EXERCISE GOAL ▸ Directions for the data below: repeat exactly the lines from the one with "Bruno Banani Triangel-Bikini, mit" through the one with "A Lovely George V Silver Trinket Box", both included, and omit all pictures.

RECORDS PROVIDED ▸
--- START ---

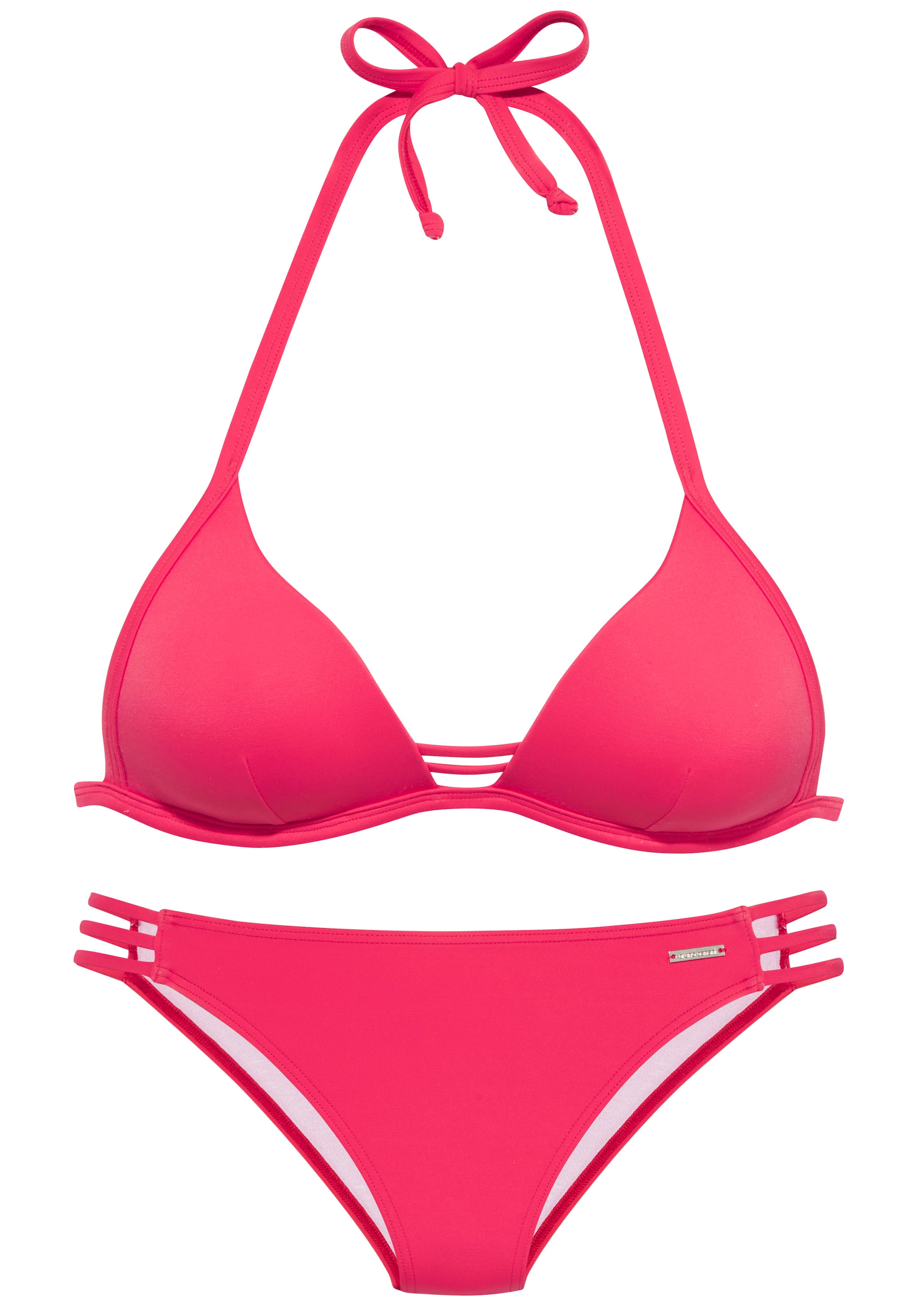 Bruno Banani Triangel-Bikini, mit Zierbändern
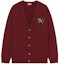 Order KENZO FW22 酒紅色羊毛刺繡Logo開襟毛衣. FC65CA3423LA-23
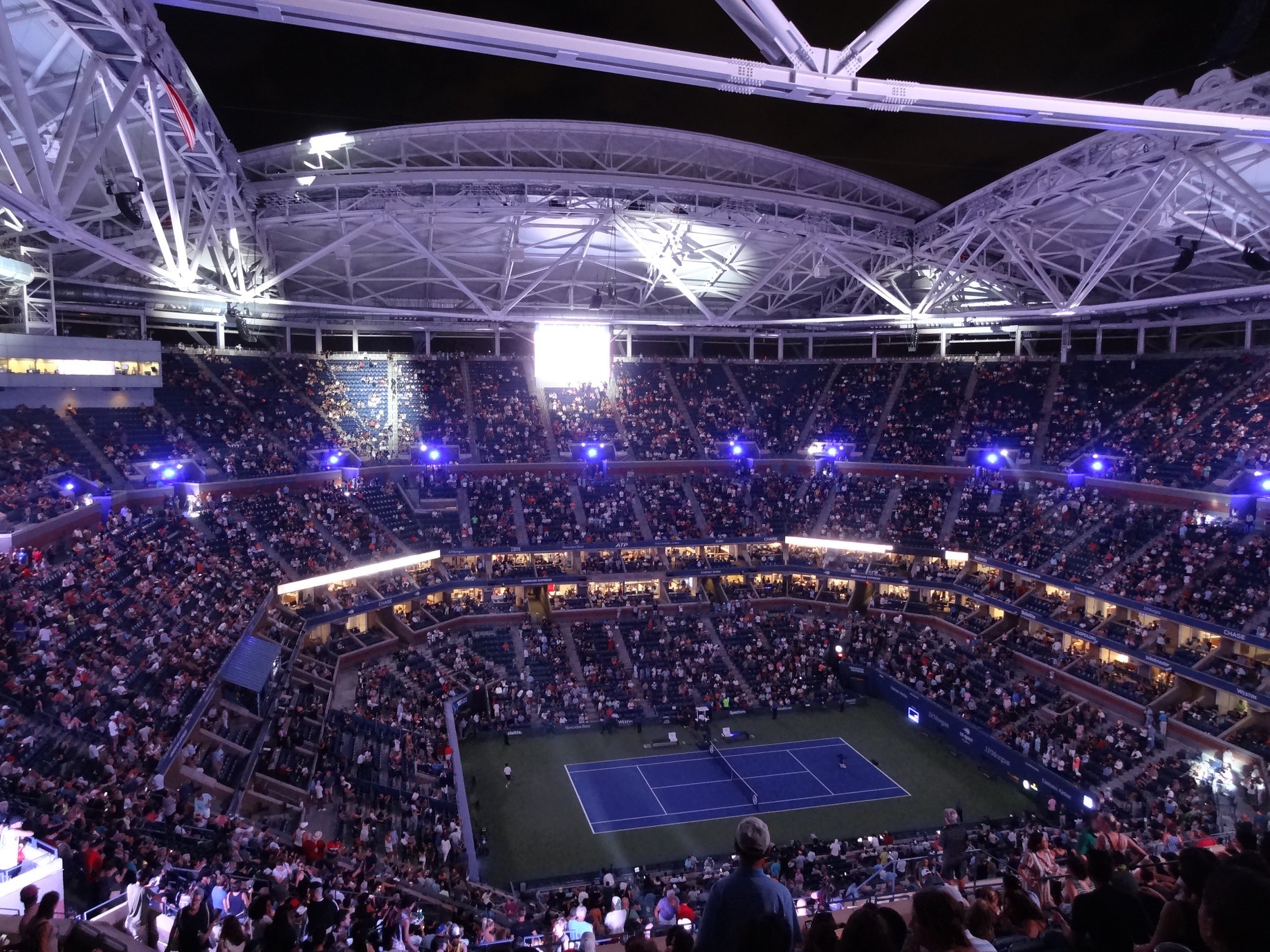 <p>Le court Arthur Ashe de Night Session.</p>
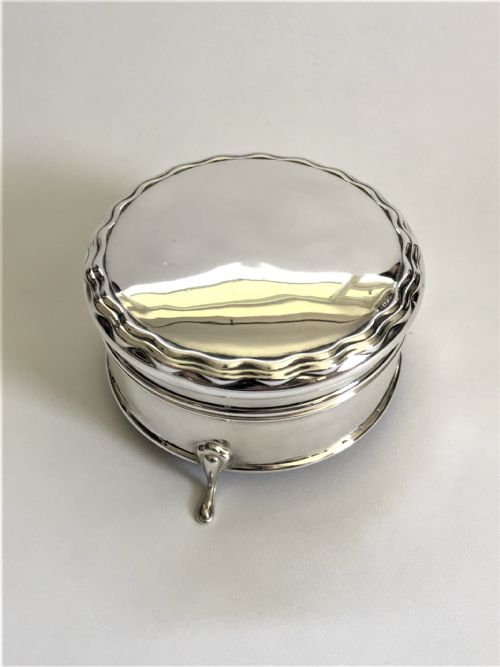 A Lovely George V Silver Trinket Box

--- END ---
--- START ---

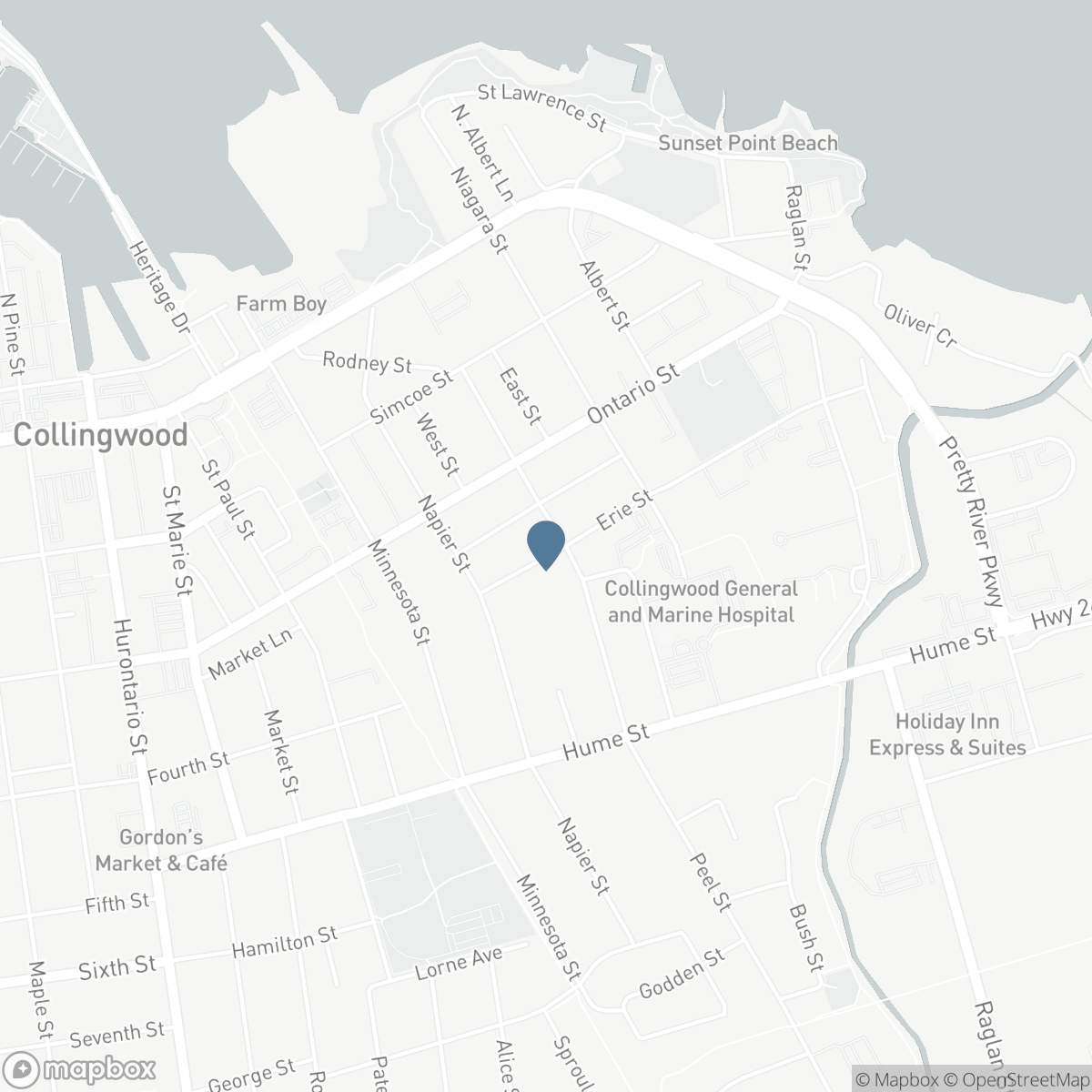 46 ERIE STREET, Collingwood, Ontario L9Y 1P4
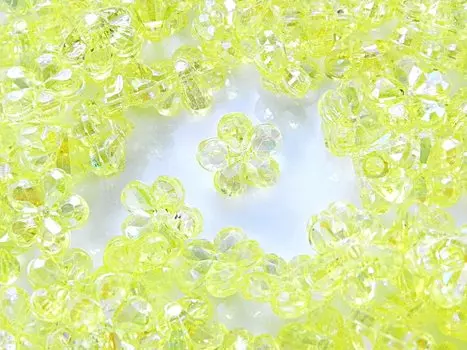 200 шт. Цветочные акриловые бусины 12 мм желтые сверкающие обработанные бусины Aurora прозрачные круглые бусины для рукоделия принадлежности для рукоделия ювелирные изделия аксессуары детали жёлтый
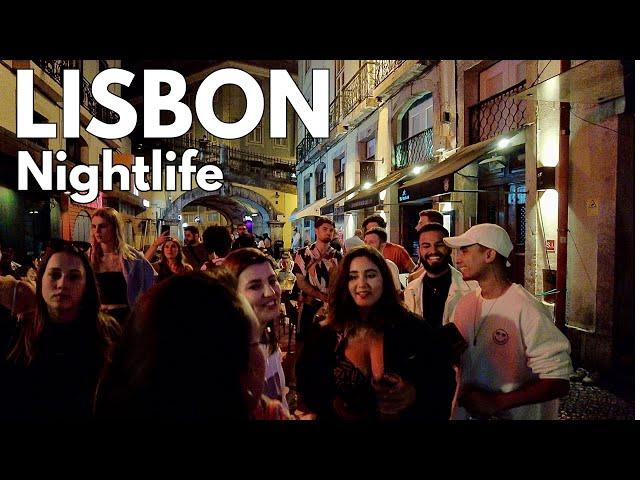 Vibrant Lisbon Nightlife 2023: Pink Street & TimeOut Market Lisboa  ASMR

--- END ---

OUTPUT ▸
 Bruno Banani Triangel-Bikini, mit Zierbändern
 Order KENZO FW22 酒紅色羊毛刺繡Logo開襟毛衣. FC65CA3423LA-23
 <p>Le court Arthur Ashe de Night Session.</p>
 A Lovely George V Silver Trinket Box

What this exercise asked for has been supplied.